Step 1: Functional Requirement + Non Functional Requirement & Problems Consideration:
Functional Requirement
- Allow users to chat over the internet.
- Provide support for one-on-one and group chats.
- Messages need to be stored for better viewing.
- Messages need to be encrypted for security purposes.
- Should have image, video and file-sharing capabilities
- Show indicate last seen time of users
- Should indicate read/receipt of messages
What are some of the common problems that can be encountered?
- What would happen to a message if it is sent without an internet connection?
- Will encrypting and decrypting increase the latency?
- How are the messages sent and notified to the device?
Possible Tips for consideration:
- Split database schema into multiple tables such as user table, chat table, massage table etc.
- Make use of web sockets for bi-directional communication between the device and the server.
- Make use of push notifications for notifying the members even if they are online.
Non Functional Requirements
- Should have very very low latency
- Should be always available
- There shouldn’t be any lags
- Should be highly scalable
Step 2: Propose high-level design and get buy-in
To develop a high-quality design, we should have a basic knowledge of how clients and servers communicate. In a chat system, clients can be either mobile applications or web applications. Clients do not communicate directly with each other. Instead, each client connects to a chat service, which supports all the features mentioned above. Let us focus on fundamental operations. The chat service must support the following functions:
Receive messages from other clients.
Find the right recipients for each message and relay the message to the recipients.
If a recipient is not online, hold the messages for that recipient on the server until she is online.
When the sender sends a message to the receiver via the chat service, it uses the time-tested HTTP protocol, which is the most common web protocol. In this scenario, the client opens a HTTP connection with the chat service and sends the message, informing the service to send the message to the receiver. The keep-alive is efficient for this because the keep-alive header allows a client to maintain a persistent connection with the chat service. It also reduces the number of TCP handshakes. HTTP is a fine option on the sender side, and many popular chat applications such as Facebook [1] used HTTP initially to send messages.
Polling
Long Polling
Web-Socket:
WebSocket is the most common solution for sending asynchronous updates from server to client.
WebSocket connection is initiated by the client. It is bi-directional and persistent. It starts its life as a HTTP connection and could be “upgraded” via some well-defined handshake to a WebSocket connection. Through this persistent connection, a server could send updates to a client. WebSocket connections generally work even if a firewall is in place. This is because they use port 80 or 443 which are also used by HTTP/HTTPS connections.
High-level design
Just now we mentioned that WebSocket was chosen as the main communication protocol between the client and server for its bidirectional communication, it is important to note that everything else does not have to be WebSocket. In fact, most features (sign up, login, user profile, etc) of a chat application could use the traditional request/response method over HTTP.
Capacity Estimation
- 10 billion messages are sent per day by 1 billion users.

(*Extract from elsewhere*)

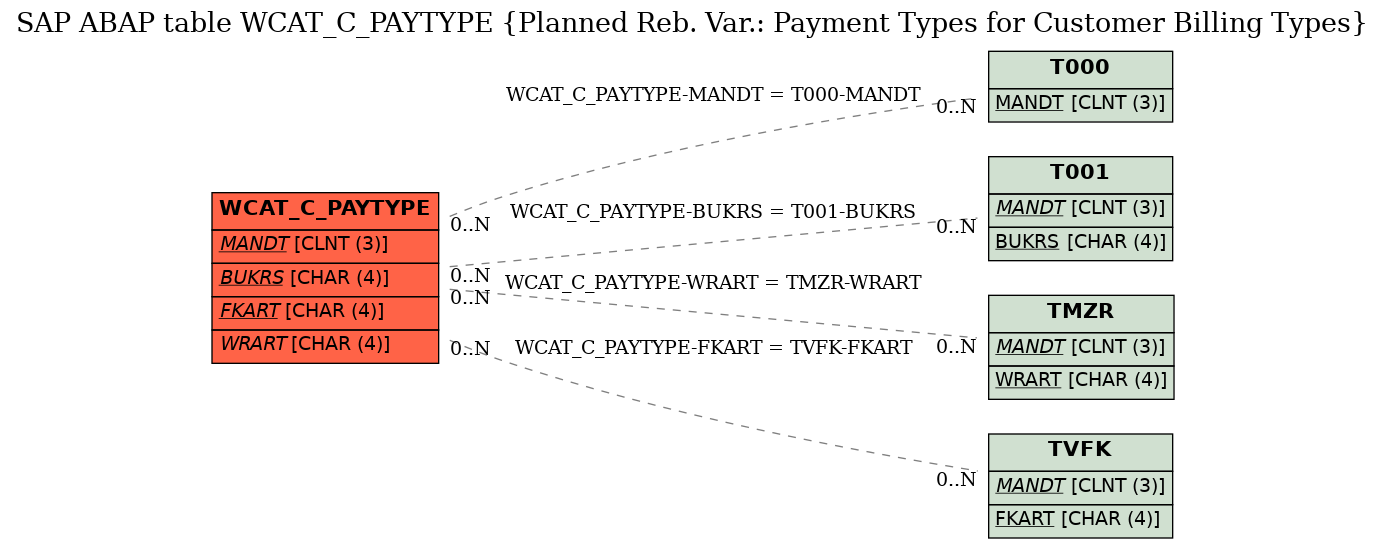 E-R Diagram for table WCAT_C_PAYTYPE (Planned Reb. Var.: Payment Types for Customer Billing Types)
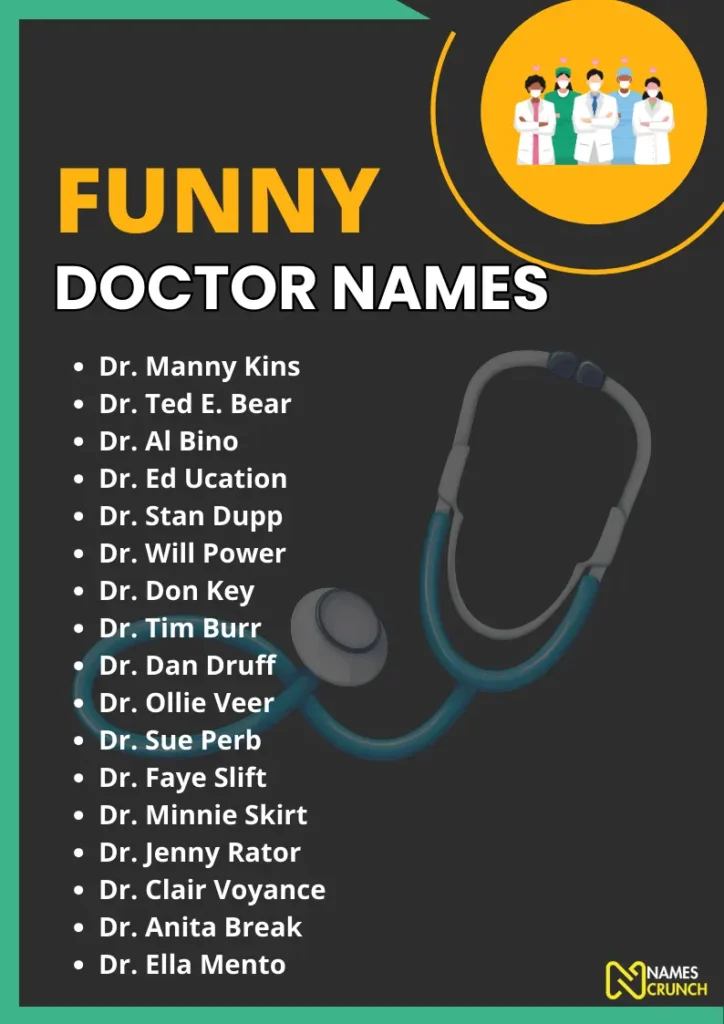 Funny Doctor Names Infographic by NameCrunch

- At peak traffic, there are 700,000 active users per second.
- At peak traffic, there are 40 million messages per second.
- On average, each message has 160 characters, resulting in 1.6 TB (10Billion * 160) of data per day.
- The system is expected to be in service for 10 years, requiring approximately 6 PB (10 * 1.6B * 365) of storage.
- The application will consist of multiple microservices, each performing a specific task. Let's assume that the latency for sending a message is 20 milliseconds, and that each server can handle 100 concurrent connections. Based on these assumptions, we would need a fleet of 8000 (40M * 20ms / 100) servers to support the chat service.
Storage
Two types of data exist in a typical chat system. The first is generic data, such as user profile, setting, user friends list. These data are stored in robust and reliable relational databases. Replication and sharding are common techniques to satisfy availability and scalability requirements.
User profile, setting, user friends list : Relational DB
Chats: No SQL
Data models:
1 on 1 chat flow
User A sends a chat message to Chat server 1.
Chat server 1 obtains a message ID from the ID generator.
Chat server 1 sends the message to the message sync queue.
The message is stored in a key-value store.
5.a. If User B is online, the message is forwarded to Chat server 2 where User B is connected.
5.b. If User B is offline, a push notification is sent from push notification (PN) servers.
- Chat server 2 forwards the message to User B. There is a persistent WebSocket connection between User B and Chat server 2.
Assets and Images:
• When you upload an asset, the image/video is compressed first. It will produce some hash of the content.
• The Assets service will upload data to S3.
• When the user uploads the same image again, it will check if that image is already present on S3.
• If the same hash is present, it will return the same
• Multiple levels of hashing are used to get the correct hash and avoid collisions.
Analytics:
• We have analytic services to handle all analytic information.
• We have Apache Spark in place.
• We have these consumers on top of Kafka.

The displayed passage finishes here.